11月18日のブログ記事で、トランプ大統領の誕生によってTPPと道徳教育は終了するだろうと予告しました。TPPは風前のともしびですし、トランプの不道徳な言動はとどまるところを知りません。
私がトランプを嫌うのは、まちがった情報を垂れ流す大ウソつきだからです。情報というものは、正しいものにしか価値はありません。日米の貿易についても、事実と異なる情報をもとに日本を一方的に批判してきましたよね。

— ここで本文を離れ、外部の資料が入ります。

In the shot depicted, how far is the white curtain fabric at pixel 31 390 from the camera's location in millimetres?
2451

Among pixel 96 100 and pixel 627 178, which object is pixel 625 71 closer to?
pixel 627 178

アメリカ国内の犯罪が増えているのは不法移民のせいだ、ともいってます。でも、BS朝日の番組で町山智浩さんは、不法移民は増加してるのに、アメリカ国内の犯罪はずっと減少傾向にあるといってました。トランプは根も葉もないデマを流して犯罪被害に遭うかもしれないと恐怖を煽り、それを移民のせいにするという悪質なウソを重ねています。国のトップが冤罪を奨励してるようなものです。まあ、犯罪が減ってるのに増えてると不安を煽る人がいるのは、日本も同じですけども。
1991年にアメリカで製作されたものの、トランプから訴訟を起こすと脅されてお蔵入りになっていたテレビドキュメンタリーが先日、NHKBSで放送されました。そこで披露されたエピソードの山には呆れるばかり。

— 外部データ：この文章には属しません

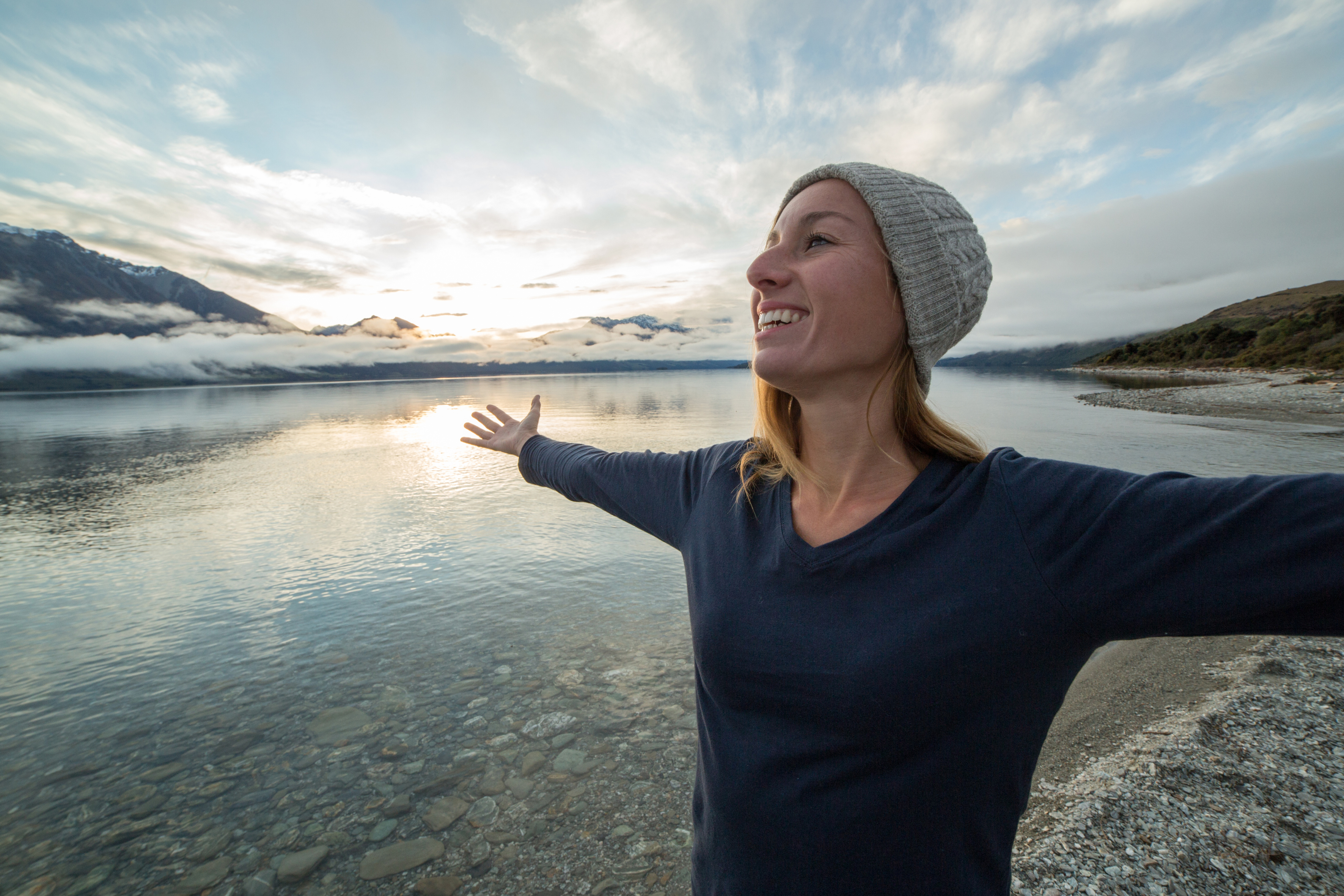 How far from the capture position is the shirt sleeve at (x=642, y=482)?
8.36 ft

長年使われずにいたニューヨーク市のスケートリンクを再生する事業をトランプが請け負った。だが下請け業者には、これはボランティア事業だからとウソをつき、工事代金を一切支払わずタダ働きをさせた。工事費用はトランプが独り占め。
トランプタワーの建設工事には、ポーランドなどからの不法移民を使っていた。しかも正規の賃金の3分の1の賃金で。
トランプタワー建設時に、その一室をイギリスの皇太子が購入予定だとするフェイク記事を新聞に書かせた。
トランプタワーは58階建てなのに、68階建てだと意味不明のミエを張ったことで消防署ともめた。
ゴルバチョフが訪米した際、トランプタワーに立ち寄ることになっているとフェイク記事を新聞に書かせたが、実際にはそんな訪問予定はなかった。
自分の名前を出したくない怪しい取引や訴訟でいつも使っていた偽名が「バロン」。
日本人のなかにも「優秀なビジネスマンとしてのトランプ氏の手腕に期待する」なんて楽観的なことをいう人がいますけど、その人は、トランプのビジネスがズルとハッタリと恐喝によって成り立っていたことをご存じないのでしょうね。
そのトランプも、アトランティックシティーでのカジノ経営では巨額の損失を出しました。トランプでさえ失敗したのに、カジノは儲かると夢見てる日本の政治家たちって……。